Maybe a sabre saw if you have one would be easier.


----------



## Oggie (May 29, 2003)

Cut off the botton 3/4 inch with a circular saw using its rip fence as a guide. Set the blade depth only 1/2 an inch or so more than the bucket side is thick.


----------



## deaconjim (Oct 31, 2005)

Are you cutting on the flat part or on the round sides? If you want to cut out the flat bottom, use a jig saw.


----------



## ronbre (Apr 26, 2009)

all good info but also you could put your sunchokes in a raised bed..and they probably won't spread beyond it..esp if the bottoms of the boards are buried a little..

i have very invasive plants in raised beds and they generally stay where theya re

also the 4" plastic edgeing might work, i use that in a lot of my gardens here..find it at Menards garden center


----------



## NickieL (Jun 15, 2007)

Raised beds would cost me $$$ unless I could find some wood somewhere tossed out on the curb. I have the buckets though, which would cost me nothing and I wouldn't have to buy dirt to fill it up either, I figure I can cut each bucket in half so I won't have to dig too deep to bury them. I can borrow the tool to cut the buckets either from my neighbor or my FIL.


----------



## highlands (Jul 18, 2004)

We use a skilsaw. One person holds the saw, the other holds and rotates the bucket or barrel. The person holding the saw simply holds carefully. They do not move the saw around. Having a good base to rotate the drum on helps a lot. Get going and you can do a lot of these quickly. This works great for cutting down 50 gallon barrels to be animal feeders, waterers and such.

Do be careful when playing with power tools, provided you wish to continue doing so...

Cheers

-Walter
Sugar Mountain Farm
Pastured Pigs, Sheep & Kids
in the mountains of Vermont
Read about our on-farm butcher shop project:
http://SugarMtnFarm.com/butchershop
http://SugarMtnFarm.com/csa


----------



## HOTW (Jul 3, 2007)

I had to cut hole sout of 5 gallon buckets a year ago.
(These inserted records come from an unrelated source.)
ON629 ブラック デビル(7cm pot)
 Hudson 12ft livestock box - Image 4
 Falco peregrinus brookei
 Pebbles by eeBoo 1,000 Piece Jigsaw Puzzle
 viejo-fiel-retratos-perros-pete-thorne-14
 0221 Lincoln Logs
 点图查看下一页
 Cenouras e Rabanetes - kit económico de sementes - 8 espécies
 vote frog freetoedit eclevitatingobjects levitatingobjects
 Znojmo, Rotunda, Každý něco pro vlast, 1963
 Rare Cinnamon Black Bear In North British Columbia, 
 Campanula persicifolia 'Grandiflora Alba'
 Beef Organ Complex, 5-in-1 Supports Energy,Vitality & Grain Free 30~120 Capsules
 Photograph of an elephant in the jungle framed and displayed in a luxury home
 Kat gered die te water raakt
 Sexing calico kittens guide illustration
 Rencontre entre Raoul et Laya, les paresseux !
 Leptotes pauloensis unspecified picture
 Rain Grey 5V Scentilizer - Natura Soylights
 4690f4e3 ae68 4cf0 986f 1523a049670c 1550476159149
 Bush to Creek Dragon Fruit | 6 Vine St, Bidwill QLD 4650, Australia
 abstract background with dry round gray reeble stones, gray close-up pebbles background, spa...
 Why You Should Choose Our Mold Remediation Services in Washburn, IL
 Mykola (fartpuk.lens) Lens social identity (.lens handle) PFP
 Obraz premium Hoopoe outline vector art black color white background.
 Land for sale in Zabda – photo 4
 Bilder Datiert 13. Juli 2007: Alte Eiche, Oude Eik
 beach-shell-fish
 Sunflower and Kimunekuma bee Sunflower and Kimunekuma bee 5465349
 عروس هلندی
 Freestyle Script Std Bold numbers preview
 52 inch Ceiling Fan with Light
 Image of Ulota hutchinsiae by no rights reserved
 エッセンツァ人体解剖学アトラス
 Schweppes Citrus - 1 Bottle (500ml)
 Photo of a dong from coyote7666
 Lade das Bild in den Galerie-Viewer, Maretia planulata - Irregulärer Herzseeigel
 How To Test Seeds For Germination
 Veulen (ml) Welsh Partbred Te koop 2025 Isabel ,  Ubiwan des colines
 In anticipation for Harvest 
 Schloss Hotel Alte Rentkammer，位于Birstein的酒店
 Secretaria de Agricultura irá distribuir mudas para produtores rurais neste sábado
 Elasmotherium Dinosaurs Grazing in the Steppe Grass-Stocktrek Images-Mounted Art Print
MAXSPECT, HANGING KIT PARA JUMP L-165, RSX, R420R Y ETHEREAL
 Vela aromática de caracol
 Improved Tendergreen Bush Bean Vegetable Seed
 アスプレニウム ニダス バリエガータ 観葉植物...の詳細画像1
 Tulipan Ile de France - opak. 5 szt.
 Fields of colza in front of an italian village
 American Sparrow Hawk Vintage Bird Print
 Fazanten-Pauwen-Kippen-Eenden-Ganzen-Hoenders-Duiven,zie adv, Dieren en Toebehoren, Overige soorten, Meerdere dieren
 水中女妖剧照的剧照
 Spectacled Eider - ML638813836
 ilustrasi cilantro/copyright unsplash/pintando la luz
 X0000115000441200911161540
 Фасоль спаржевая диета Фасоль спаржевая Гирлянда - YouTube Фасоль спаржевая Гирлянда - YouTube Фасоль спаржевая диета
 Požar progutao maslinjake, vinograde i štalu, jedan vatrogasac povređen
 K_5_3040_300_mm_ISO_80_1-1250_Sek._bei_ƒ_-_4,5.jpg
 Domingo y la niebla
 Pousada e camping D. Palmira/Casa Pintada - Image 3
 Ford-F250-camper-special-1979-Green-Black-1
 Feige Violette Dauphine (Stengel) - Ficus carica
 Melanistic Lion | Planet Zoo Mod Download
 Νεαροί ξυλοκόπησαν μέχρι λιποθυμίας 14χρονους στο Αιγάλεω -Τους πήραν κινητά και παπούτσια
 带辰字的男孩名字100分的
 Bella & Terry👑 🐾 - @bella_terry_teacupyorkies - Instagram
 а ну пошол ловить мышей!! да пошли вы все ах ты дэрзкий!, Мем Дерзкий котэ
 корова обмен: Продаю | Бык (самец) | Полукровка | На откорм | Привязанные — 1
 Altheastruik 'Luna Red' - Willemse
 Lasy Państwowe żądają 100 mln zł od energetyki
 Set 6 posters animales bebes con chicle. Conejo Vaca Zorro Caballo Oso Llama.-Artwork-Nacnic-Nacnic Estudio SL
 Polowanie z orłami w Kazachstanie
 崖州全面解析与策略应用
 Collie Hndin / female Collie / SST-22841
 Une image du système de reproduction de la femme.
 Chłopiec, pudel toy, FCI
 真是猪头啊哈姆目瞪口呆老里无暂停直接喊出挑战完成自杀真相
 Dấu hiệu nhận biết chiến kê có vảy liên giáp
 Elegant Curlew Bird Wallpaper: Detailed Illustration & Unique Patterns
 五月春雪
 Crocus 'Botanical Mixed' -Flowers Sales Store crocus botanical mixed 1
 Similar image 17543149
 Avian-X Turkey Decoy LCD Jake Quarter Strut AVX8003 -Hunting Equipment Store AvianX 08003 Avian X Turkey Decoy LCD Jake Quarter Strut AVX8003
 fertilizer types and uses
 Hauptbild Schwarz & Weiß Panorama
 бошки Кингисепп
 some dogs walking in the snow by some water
I used a drill to make a hole large enough for the jugsaw to get in then went to town.


----------



## sheepish (Dec 9, 2006)

Why not just drill large holes in the bottom. Then dig a hole, put the bucket in and put the dirt back in the bucket. This is what I did with mints years ago. It has kept them from spreading.


----------



## NickieL (Jun 15, 2007)

well, I thought about that and then thought maybe if I do that when it rained it may not drain so well. We tend to get a LOT of rain at a time.


----------



## nehimama (Jun 18, 2005)

I'm lo-tech, and I'd go with HotW's advice. Drill a few holes in the bottom around the circumference (that a jigsaw blade would fit into), insert jigsaw and go to it. Heck, even one hole would get you started and allow you to finish the job. Three minutes, tops.


----------



## Cabin Fever (May 10, 2002)

Use your drill press and an adjustable hole saw bit set at 10" to 10.5" (depending on the size of your bucket)


----------